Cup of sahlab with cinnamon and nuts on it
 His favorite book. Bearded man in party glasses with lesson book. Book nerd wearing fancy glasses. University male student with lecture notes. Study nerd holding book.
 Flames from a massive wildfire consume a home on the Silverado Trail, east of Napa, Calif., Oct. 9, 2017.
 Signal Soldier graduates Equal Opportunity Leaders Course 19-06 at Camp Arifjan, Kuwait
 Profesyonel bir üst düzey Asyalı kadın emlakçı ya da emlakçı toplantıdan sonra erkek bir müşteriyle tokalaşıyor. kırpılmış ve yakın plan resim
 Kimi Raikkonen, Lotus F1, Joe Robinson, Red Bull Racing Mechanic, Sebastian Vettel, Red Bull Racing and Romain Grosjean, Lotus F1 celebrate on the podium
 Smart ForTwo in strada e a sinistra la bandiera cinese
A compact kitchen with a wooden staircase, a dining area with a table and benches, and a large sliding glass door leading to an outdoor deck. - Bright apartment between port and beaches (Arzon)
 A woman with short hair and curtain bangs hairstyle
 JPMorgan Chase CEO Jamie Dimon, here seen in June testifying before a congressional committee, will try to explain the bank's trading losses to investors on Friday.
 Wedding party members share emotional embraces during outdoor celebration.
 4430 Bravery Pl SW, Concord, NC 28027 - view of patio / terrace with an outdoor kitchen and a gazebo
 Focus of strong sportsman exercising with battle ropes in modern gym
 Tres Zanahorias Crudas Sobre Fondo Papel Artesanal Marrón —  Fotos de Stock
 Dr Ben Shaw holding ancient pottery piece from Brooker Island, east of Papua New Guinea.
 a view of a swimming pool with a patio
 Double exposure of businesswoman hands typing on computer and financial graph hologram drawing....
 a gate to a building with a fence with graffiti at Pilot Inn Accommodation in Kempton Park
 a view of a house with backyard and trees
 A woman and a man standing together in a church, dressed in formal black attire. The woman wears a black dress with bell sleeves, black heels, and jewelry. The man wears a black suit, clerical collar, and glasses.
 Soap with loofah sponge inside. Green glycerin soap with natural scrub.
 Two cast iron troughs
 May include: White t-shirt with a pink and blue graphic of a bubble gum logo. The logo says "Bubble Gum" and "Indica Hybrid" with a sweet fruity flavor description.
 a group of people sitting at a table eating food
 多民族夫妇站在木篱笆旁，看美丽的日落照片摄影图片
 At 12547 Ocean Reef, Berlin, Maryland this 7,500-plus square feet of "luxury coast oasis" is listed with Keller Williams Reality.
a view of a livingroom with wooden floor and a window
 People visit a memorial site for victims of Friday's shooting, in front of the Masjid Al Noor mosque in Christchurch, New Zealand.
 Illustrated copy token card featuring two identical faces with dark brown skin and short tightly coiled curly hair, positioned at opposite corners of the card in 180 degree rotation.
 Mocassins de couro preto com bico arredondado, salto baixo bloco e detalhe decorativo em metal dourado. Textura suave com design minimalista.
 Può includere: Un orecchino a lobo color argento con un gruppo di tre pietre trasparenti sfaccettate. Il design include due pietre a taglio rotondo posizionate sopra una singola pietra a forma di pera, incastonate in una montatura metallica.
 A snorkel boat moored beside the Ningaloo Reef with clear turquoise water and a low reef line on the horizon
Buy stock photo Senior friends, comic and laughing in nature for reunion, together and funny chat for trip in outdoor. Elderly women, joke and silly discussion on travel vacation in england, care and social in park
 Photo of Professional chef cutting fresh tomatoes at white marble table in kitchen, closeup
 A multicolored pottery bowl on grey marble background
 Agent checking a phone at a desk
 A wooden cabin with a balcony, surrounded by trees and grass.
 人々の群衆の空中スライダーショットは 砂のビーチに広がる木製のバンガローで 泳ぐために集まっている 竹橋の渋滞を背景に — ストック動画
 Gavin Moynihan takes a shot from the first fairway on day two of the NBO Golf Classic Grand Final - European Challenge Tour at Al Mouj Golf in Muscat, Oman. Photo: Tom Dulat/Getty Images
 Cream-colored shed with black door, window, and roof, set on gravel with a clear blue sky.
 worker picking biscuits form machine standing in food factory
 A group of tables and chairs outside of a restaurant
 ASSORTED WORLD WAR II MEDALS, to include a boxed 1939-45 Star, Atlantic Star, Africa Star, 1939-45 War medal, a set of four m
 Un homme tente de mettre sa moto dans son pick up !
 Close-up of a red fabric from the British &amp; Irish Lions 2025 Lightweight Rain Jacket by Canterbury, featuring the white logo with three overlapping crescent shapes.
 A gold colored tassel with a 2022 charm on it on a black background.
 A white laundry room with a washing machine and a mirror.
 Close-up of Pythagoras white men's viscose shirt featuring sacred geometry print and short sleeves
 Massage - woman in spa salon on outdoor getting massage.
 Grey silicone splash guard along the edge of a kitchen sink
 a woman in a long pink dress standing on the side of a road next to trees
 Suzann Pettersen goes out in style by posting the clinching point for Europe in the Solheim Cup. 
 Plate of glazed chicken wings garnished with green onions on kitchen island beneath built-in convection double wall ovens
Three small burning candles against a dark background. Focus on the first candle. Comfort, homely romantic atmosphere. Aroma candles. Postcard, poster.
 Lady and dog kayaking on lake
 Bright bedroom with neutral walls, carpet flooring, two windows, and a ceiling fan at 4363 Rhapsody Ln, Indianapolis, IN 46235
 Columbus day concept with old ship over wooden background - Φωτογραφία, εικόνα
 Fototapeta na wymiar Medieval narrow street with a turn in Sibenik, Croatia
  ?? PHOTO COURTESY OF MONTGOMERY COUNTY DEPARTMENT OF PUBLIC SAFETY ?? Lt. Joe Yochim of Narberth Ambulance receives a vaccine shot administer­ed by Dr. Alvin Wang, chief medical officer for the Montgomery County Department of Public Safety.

_Work to complete_.
The required output is each line of the entries that contains the word "machine".

_Problem solution_.
 worker picking biscuits form machine standing in food factory
 A white laundry room with a washing machine and a mirror.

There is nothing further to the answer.